Excerpted records

**********

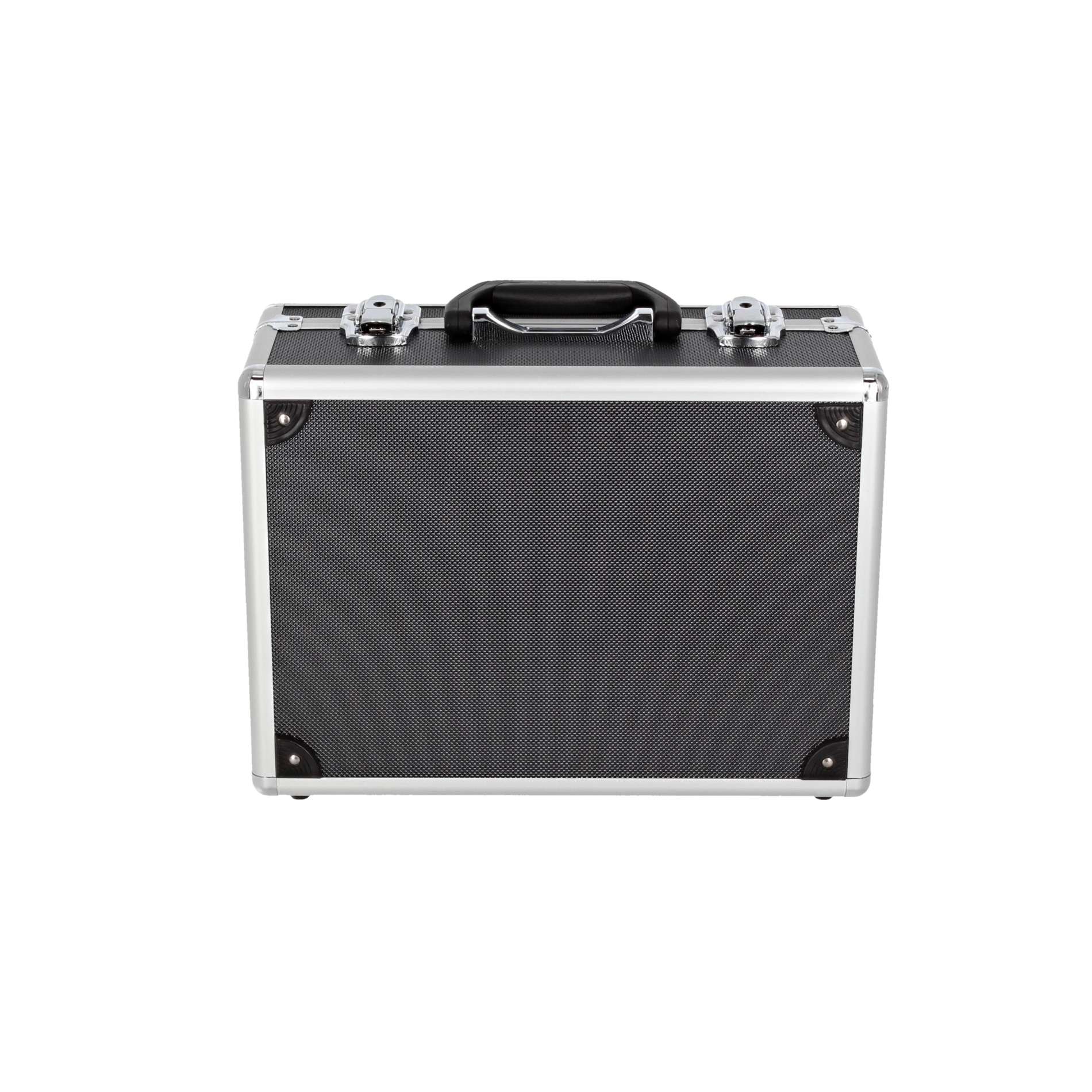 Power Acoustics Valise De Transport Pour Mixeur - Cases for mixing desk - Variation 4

**********

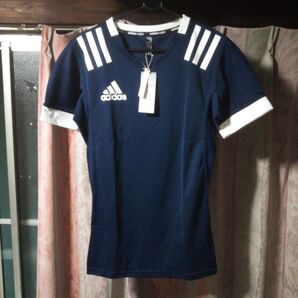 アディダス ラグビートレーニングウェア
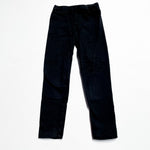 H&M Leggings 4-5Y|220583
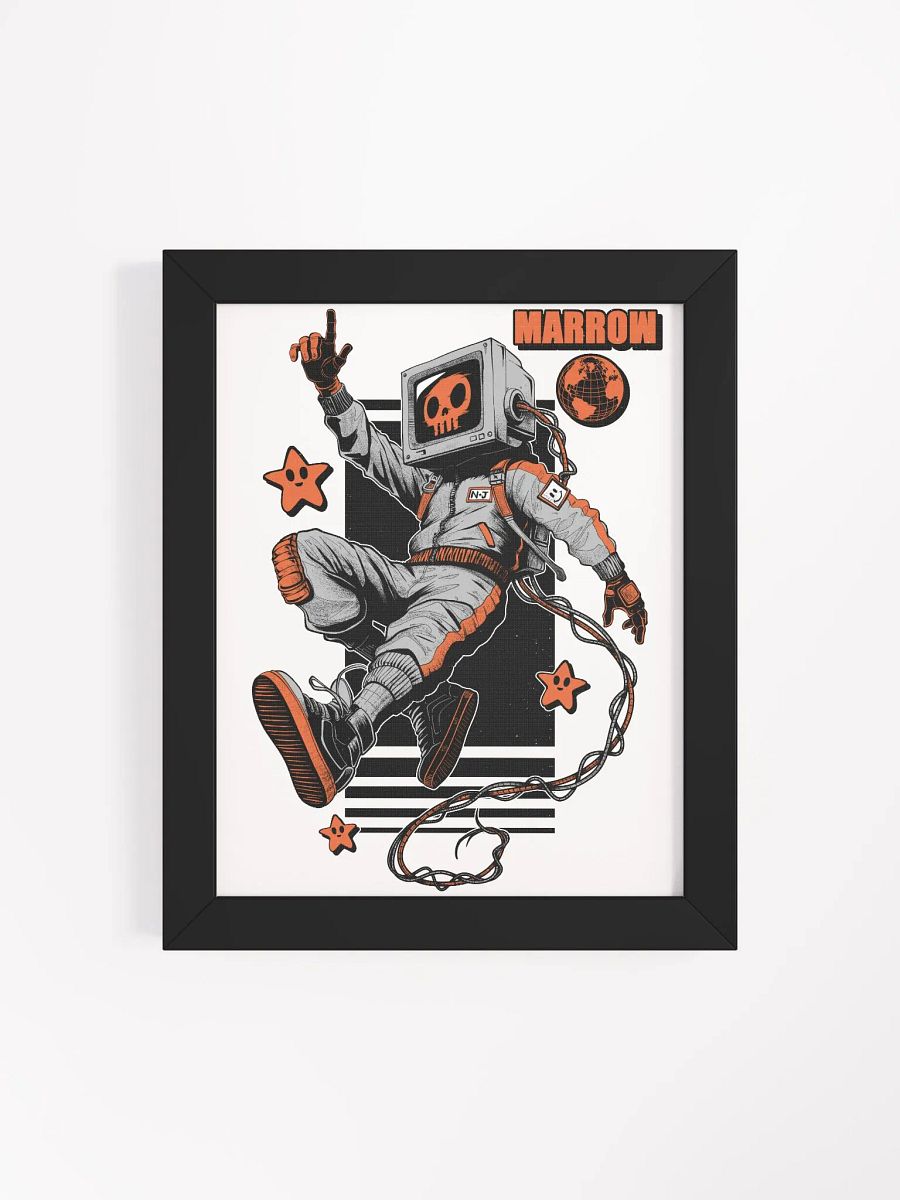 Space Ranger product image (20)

**********

Exercise
Only one stretch of the entries above is needed: the lines from the one containing "アディダス ラグビートレーニングウェア" through the one containing "Space Ranger product image (20)". Copy it exactly, without the pictures.

Result of the task
 アディダス ラグビートレーニングウェア
 H&M Leggings 4-5Y|220583
 Space Ranger product image (20)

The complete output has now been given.